> _YOUR INSTRUCTIONS_
Find the line below with "Anti Depressants Tee Gift For Cat Lover". Print it and every line after it exactly, through the last line, leaving out the pictures.

> _RAW DATA_
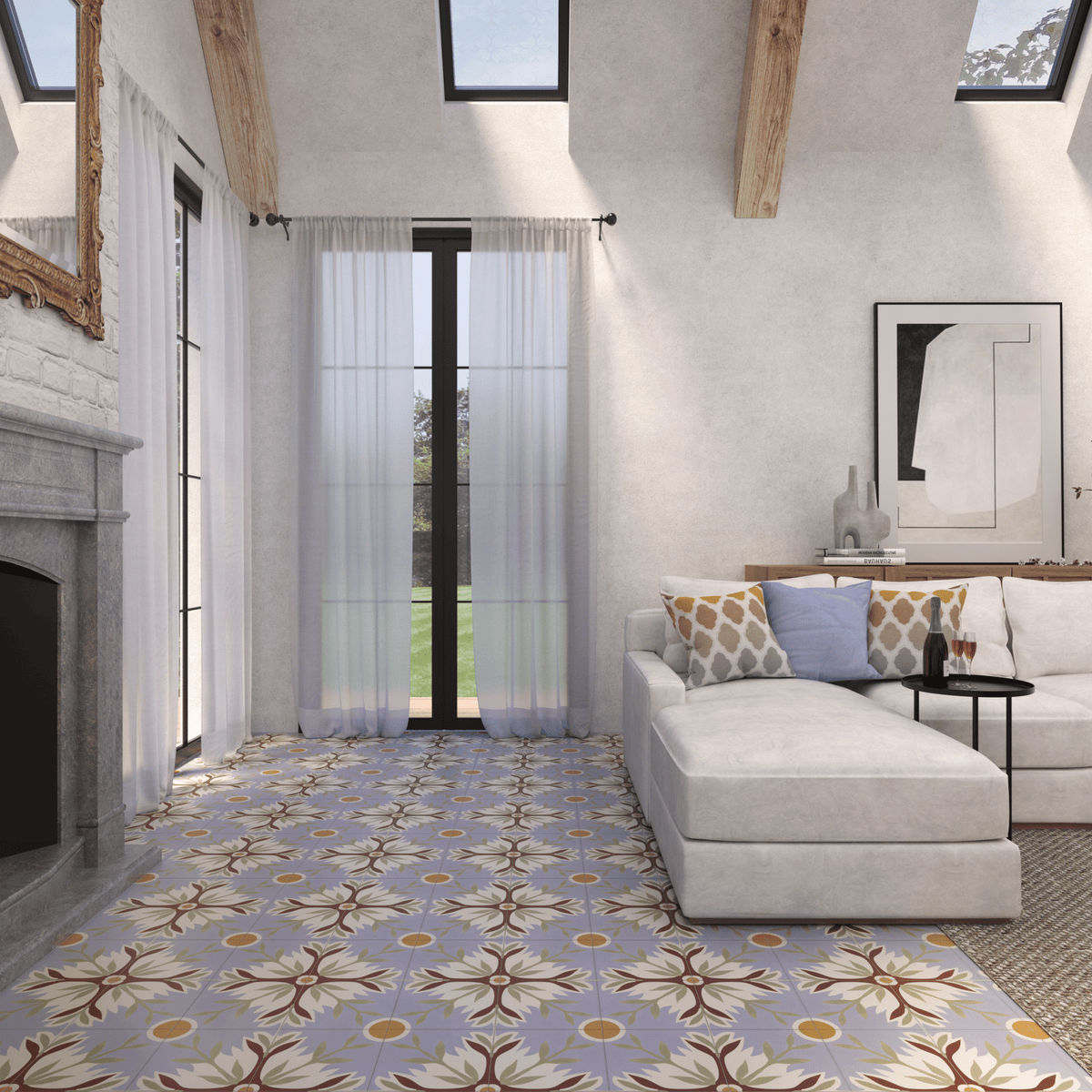 Willow Cement Tile x Adam Trest - LiLi Tile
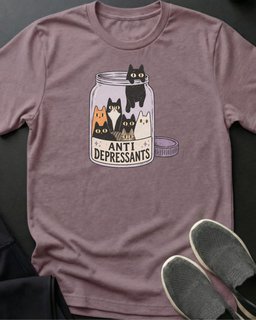 Anti Depressants Tee Gift For Cat Lover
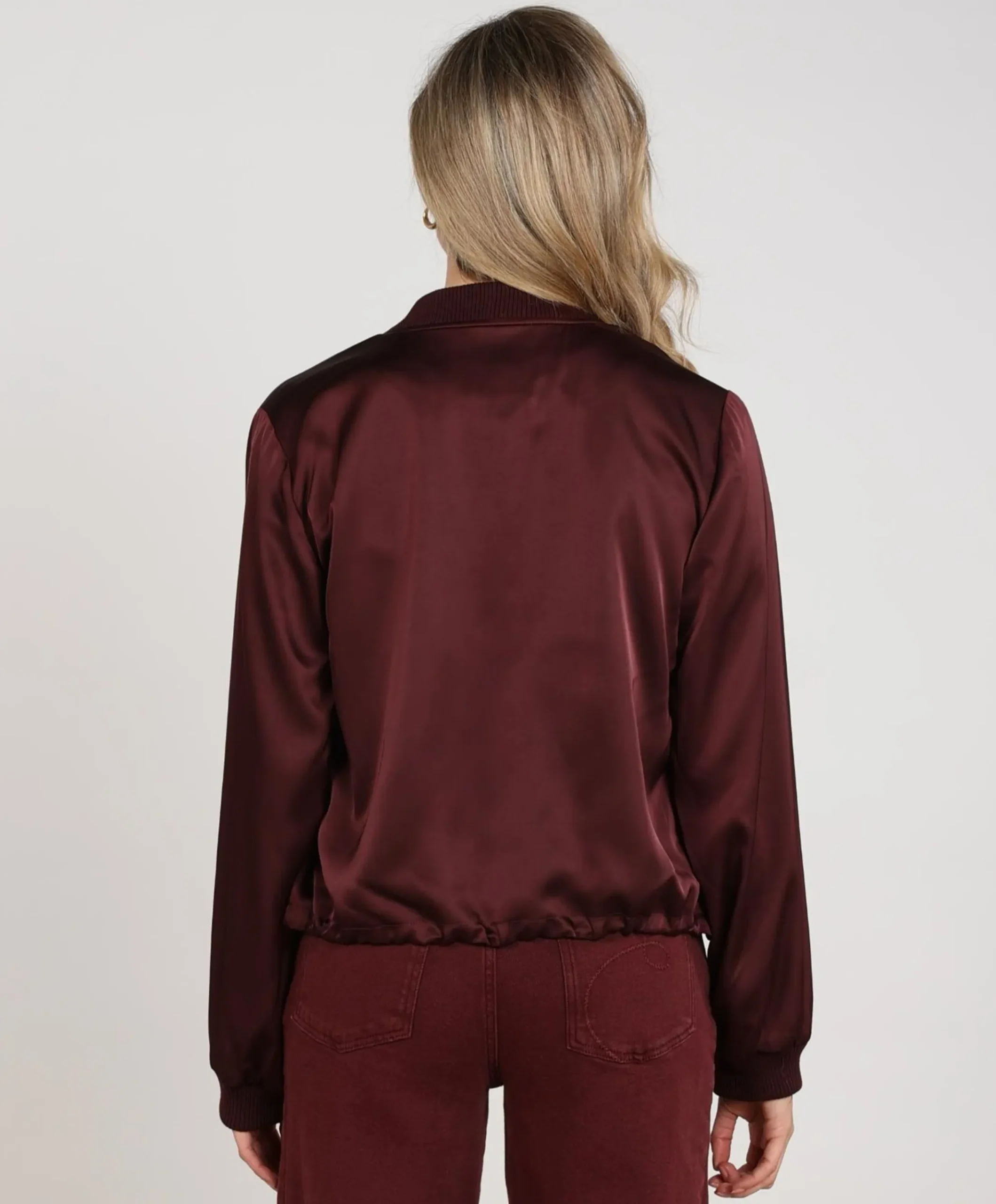 Dames jas bordeaux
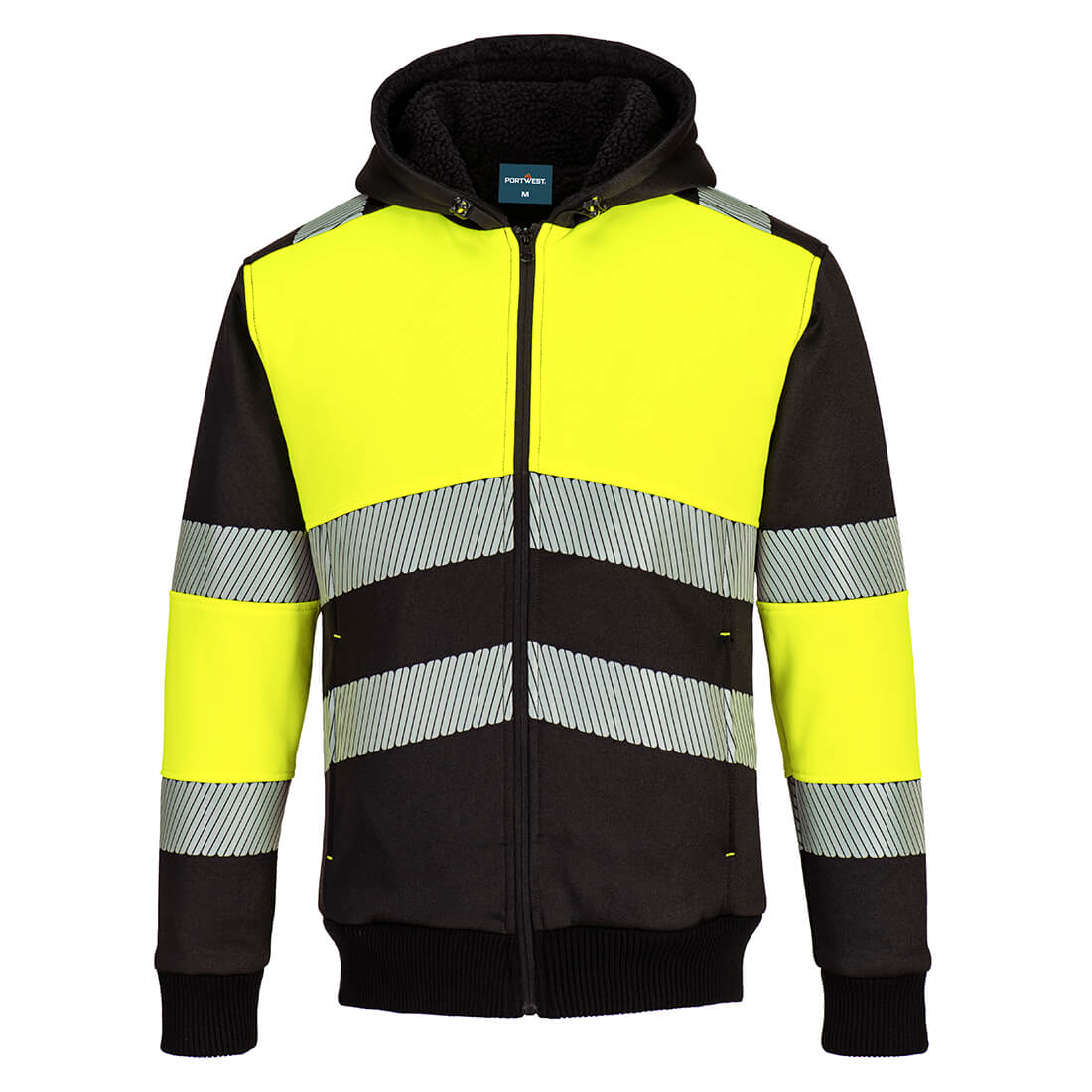 Portwest PW3 Hi-Vis Zipped Class 1 Winter Hoodie PW377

> _REPLY_
 Anti Depressants Tee Gift For Cat Lover
 Dames jas bordeaux
 Portwest PW3 Hi-Vis Zipped Class 1 Winter Hoodie PW377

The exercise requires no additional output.